As it happens Intel’s Haswell refresh was announced recently, and Devil’s Canyon was launched in early June (though rumours had been circling for some months before), with likely availability of chips somewhere around the back end of June (25th to 30th). Devil’s Canyon officially needs the Z97 chipset to run, so that made the chipset choice easy enough.
Additionally I recently upgraded to two Asus GTX 770 DC II’s running in SLI, these get hot in the current case/cooling arrangement, primarily due to having not room to breath around the first GPU.
The other major change for me is I want a silent PC, at full load I want to it be quiet, very quiet. My current PC is not offensively loud, but it isn’t the quietest it could be. So I made the decision to water cool for the first time.
Once I decided I wanted to water cool everything I quickly realised I’d need a new case, my current case doesn’t have anywhere useful to mount radiators, reservoirs or pumps. I watched a lot of videos about cases, I wanted to be sure I’d be able to fit everything I wanted in. In the end I went with a Corsair Obsidian 900D case, it’s not cheap, but there’s nothing I can’t do with it.
Once I had an idea of the kind of case I was dealing with I started to look at the actual water cooling components. Given I had the Asus GTX 770 DC II cards it left me with very few choices if I wanted to go full block on the GPU, in fact it gave me one choice, the EK-FC770 GTX DCII.
Given I’d started with EK it felt “right” to keep going, so a EK Supremacy for the CPU block, and EK-Coolstream XTX 480mm radiator and finally a EK D5 Vario X-RES for a combined pump and reservoir.
One thing that drew me to the XTX radiator was that it had a drain port on which I could position at the bottom of the rack and made available through the spare PSU slot on the 900D. Coupled with a matching pair of the Koolance QD3 Quick Disconnect fixtures it means I can drain my loop simply by plugging a tube, no turning the case upside down or on an angle, awesome.
Remaining fixtures are all EK-CSQ compression fittings on 13/10 tubing.
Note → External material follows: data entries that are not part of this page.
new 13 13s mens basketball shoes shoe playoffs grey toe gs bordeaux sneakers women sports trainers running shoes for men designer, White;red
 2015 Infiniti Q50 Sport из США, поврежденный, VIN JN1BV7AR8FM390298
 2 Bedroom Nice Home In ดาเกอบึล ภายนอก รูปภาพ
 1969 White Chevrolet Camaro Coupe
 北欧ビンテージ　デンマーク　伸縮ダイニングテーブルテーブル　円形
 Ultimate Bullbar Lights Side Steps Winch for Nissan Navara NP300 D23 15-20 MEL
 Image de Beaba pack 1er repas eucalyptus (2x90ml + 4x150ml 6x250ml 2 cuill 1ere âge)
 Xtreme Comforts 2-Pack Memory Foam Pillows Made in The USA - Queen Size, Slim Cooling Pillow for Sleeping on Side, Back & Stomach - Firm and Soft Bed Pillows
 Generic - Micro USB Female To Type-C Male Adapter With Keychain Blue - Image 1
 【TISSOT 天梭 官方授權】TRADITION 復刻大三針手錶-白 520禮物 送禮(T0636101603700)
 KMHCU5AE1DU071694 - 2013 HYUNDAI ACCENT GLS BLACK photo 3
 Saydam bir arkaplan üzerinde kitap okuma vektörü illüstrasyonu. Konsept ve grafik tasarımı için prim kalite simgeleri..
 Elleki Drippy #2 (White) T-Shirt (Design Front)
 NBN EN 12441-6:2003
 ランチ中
As for coolant I’ve gone with the XSPC EC6, one thing I really wanted was the low conductivity, just in case something does go wrong. And the colour? Not to be a bore, but blood red.
For fans I went with the Corsair AF-120, SP-120 and AF-140’s, they aren’t the quietest fans, I think some of the Noctua ones beat them, they are good enough, especially when running at 7V they are silent.
That’s about all the preplanning done, I am writing this after the fact, so hopefully I’m representing this as it was when I decided it. Things will change… a little bit.